Quand les arbres, les eaux, les nuages sont peuplés par les âmes des ancêtres, par les esprits des héros, par les dryades, par les divinités ; quand des êtres invisibles sont enchaînés dans les cavernes, ou portés par les vents ; quand ils errent sur les tombeaux silencieux, et qu’on les entend gémir dans les airs pendant la nuit ténébreuse, quelle patrie pour le cœur de l’homme ! quel monde pour l’éloquence[1] !

Sous un ciel toujours le même, dans une plaine sans bornes, des palmiers droits ombragent les rives d’un fleuve large et muet ; le musulman s’y fait asseoir sur des carreaux, il y fume tout le jour entre les éventails qu’on agite devant lui.

Mais des rochers moussus s’avancent sur l’abîme des vagues soulevées ; une brume épaisse les a séparés du monde pendant un long hiver : maintenant le ciel est beau, la violette et la fraise fleurissent, les jours grandissent, les forêts s’animent.

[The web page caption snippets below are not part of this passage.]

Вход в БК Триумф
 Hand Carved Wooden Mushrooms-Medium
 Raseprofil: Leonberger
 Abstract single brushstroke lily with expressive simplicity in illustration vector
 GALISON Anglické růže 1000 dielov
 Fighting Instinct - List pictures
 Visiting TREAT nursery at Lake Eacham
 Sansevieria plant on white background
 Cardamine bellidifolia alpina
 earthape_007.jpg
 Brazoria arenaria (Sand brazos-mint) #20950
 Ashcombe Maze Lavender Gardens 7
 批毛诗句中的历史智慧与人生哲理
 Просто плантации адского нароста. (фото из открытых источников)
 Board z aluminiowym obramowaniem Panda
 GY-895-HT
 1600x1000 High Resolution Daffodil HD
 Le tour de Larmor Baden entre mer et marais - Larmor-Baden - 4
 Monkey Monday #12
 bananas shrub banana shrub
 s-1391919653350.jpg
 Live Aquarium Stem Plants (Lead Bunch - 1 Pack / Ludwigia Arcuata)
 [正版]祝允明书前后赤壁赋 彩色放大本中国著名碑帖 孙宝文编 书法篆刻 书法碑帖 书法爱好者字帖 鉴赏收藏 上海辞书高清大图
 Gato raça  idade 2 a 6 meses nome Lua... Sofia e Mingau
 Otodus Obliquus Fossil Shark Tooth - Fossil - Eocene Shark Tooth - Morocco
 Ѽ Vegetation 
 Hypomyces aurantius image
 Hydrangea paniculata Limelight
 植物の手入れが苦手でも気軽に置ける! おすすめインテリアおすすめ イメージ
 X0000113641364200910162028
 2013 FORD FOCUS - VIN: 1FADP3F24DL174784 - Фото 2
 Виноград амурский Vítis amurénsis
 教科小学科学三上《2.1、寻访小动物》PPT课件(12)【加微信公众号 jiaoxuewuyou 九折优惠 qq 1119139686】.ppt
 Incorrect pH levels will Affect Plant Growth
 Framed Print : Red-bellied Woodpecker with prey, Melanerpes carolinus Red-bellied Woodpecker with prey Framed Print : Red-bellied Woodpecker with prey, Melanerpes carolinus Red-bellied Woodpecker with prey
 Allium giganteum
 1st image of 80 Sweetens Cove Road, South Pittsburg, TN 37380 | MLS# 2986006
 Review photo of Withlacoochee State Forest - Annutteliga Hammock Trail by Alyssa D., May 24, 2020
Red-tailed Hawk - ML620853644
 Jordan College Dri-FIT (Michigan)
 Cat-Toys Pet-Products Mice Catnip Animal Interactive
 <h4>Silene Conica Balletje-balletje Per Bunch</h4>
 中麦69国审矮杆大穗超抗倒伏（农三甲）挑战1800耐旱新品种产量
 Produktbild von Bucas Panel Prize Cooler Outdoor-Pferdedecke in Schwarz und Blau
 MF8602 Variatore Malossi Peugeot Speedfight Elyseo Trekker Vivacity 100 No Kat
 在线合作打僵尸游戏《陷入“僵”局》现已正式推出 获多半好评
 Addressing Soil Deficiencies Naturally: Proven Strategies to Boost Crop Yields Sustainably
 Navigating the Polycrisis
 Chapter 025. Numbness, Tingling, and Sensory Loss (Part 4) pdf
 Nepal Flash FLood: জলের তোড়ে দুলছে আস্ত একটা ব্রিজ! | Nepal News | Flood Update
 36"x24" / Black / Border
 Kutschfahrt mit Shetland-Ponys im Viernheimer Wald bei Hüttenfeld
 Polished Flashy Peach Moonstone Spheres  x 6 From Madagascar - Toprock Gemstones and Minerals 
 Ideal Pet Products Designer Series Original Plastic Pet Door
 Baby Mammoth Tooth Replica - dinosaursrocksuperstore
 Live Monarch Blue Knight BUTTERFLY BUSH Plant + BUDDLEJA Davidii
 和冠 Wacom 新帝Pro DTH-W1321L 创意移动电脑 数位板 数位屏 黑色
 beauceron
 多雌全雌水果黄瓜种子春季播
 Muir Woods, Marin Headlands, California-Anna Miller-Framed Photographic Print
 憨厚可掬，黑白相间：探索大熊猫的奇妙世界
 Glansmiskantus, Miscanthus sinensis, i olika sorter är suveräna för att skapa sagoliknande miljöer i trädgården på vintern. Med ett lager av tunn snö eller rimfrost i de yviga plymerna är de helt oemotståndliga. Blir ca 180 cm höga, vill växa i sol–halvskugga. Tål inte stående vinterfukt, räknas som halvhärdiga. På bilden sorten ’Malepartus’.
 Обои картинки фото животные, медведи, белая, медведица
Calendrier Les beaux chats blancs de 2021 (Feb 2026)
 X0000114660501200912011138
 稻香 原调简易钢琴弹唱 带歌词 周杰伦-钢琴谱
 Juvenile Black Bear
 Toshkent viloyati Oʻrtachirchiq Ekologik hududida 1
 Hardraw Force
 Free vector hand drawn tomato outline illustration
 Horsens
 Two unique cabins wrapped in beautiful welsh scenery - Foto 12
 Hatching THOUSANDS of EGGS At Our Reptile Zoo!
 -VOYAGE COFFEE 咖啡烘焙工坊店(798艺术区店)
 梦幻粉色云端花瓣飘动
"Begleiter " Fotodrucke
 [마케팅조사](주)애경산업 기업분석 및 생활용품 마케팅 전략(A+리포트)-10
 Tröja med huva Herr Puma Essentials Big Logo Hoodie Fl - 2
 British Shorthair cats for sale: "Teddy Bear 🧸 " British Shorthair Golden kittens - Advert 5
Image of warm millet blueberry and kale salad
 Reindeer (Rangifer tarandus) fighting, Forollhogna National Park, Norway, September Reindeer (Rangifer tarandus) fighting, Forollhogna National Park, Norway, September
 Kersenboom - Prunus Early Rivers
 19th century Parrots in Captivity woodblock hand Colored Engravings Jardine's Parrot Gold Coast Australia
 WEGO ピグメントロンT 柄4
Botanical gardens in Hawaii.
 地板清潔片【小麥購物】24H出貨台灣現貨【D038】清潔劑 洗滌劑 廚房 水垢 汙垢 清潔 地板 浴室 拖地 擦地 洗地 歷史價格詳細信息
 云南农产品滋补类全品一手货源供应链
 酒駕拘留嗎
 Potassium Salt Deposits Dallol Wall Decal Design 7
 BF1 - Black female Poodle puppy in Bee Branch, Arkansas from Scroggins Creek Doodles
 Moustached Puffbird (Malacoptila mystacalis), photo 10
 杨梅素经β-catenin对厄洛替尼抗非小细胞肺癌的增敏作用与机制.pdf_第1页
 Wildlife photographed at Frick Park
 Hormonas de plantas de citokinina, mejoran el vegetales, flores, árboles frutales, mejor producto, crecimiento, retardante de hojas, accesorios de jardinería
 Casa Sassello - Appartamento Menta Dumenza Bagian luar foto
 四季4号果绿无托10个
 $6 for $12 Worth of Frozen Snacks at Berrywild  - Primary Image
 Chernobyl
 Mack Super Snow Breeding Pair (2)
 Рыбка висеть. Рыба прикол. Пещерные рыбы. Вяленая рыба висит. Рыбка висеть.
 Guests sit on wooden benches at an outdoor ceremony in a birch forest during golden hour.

Sur l’Océan tranquille, les filles des guerriers chantent les combats et l’espérance de la patrie. Voici que les nuages s’assemblent ; la mer se soulève, le tonnerre brise les chênes antiques ; les barques sont englouties ; la neige couvre les cimes ; les torrents ébranlent la cabane, ils creusent des précipices. Le vent change ; le ciel est clair et froid. A la lueur des étoiles, on

  1. C’est une grande facilité pour un poëte : celui qui veut dire tout ce qu’il imagine a un grand avantage sur celui qui ne doit dire que des choses positives, qui ne dit que ce qu’il croit.